▶ _MATERIAL SHOWN_:
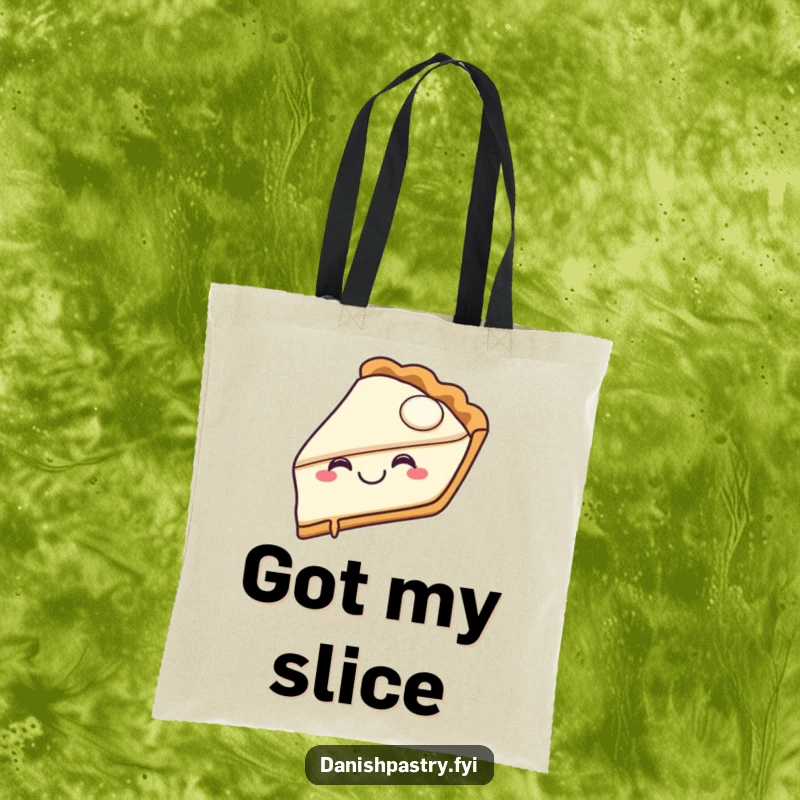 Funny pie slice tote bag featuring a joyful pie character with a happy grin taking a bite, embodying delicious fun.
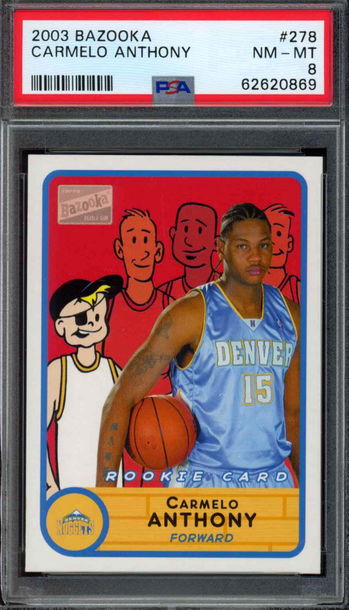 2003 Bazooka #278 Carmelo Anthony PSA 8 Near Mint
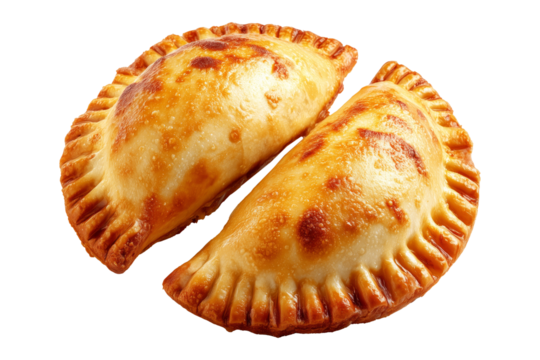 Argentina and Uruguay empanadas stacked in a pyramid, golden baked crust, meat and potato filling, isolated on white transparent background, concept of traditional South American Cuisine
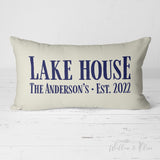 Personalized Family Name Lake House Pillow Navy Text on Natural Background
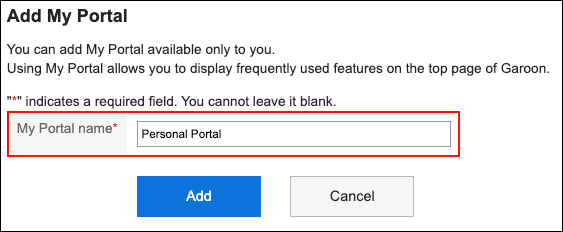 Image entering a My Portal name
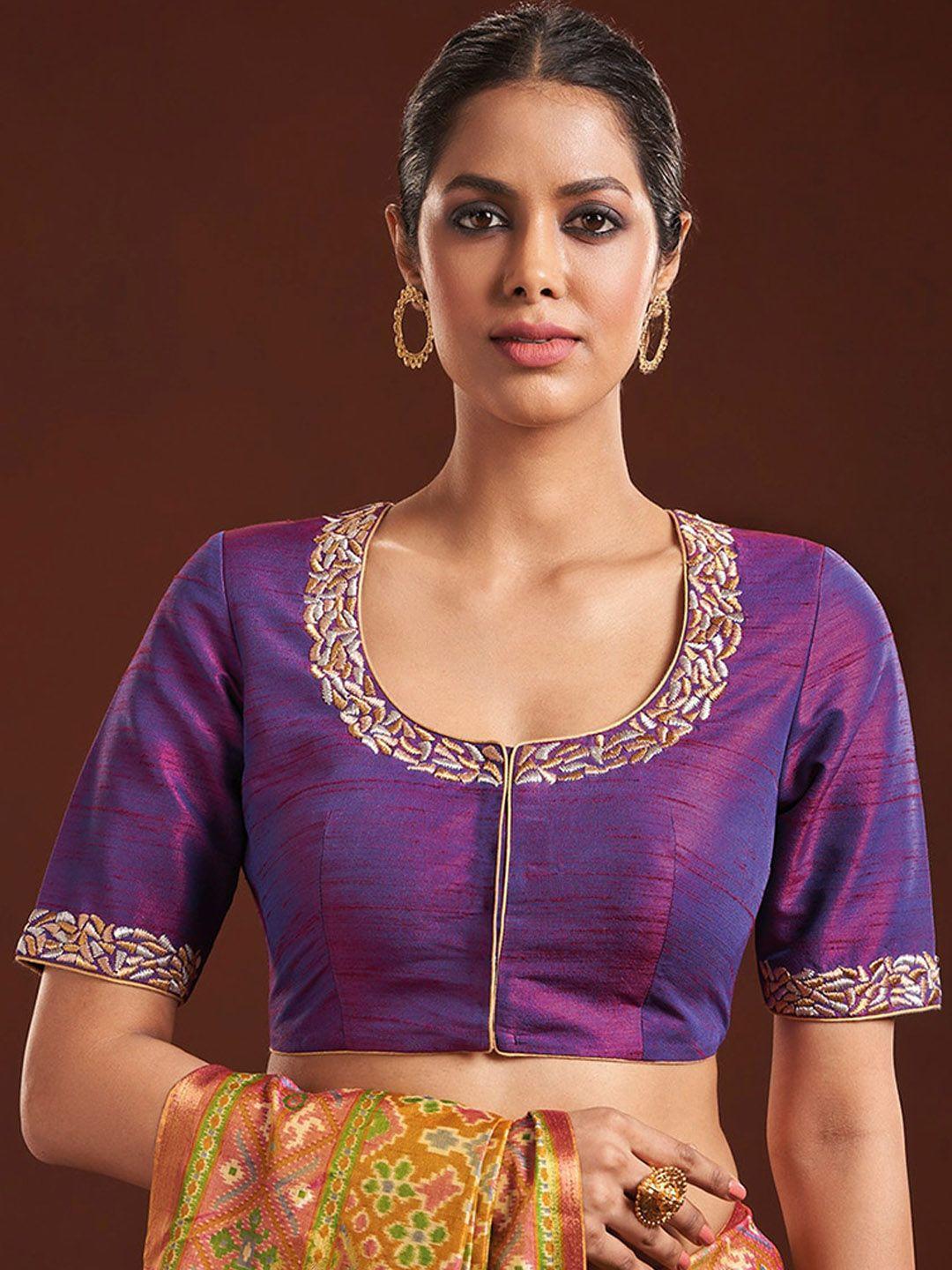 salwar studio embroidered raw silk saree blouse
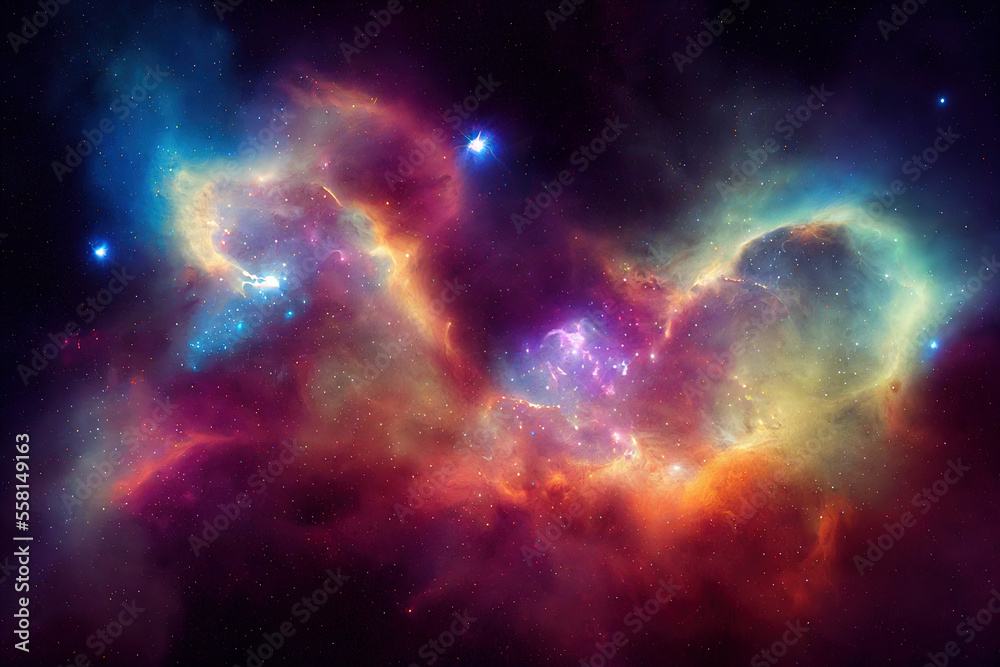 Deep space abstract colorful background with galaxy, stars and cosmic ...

▶ _YOUR INSTRUCTIONS_: In the records above, find the line with "2003 Bazooka #278" and the line with "salwar studio embroidered". Write out exactly those lines and every one between, with no pictures and no other lines.

▶ _ANSWER TO THIS PROBLEM_:
 2003 Bazooka #278 Carmelo Anthony PSA 8 Near Mint
 Argentina and Uruguay empanadas stacked in a pyramid, golden baked crust, meat and potato filling, isolated on white transparent background, concept of traditional South American Cuisine
 Personalized Family Name Lake House Pillow Navy Text on Natural Background
 Image entering a My Portal name
 salwar studio embroidered raw silk saree blouse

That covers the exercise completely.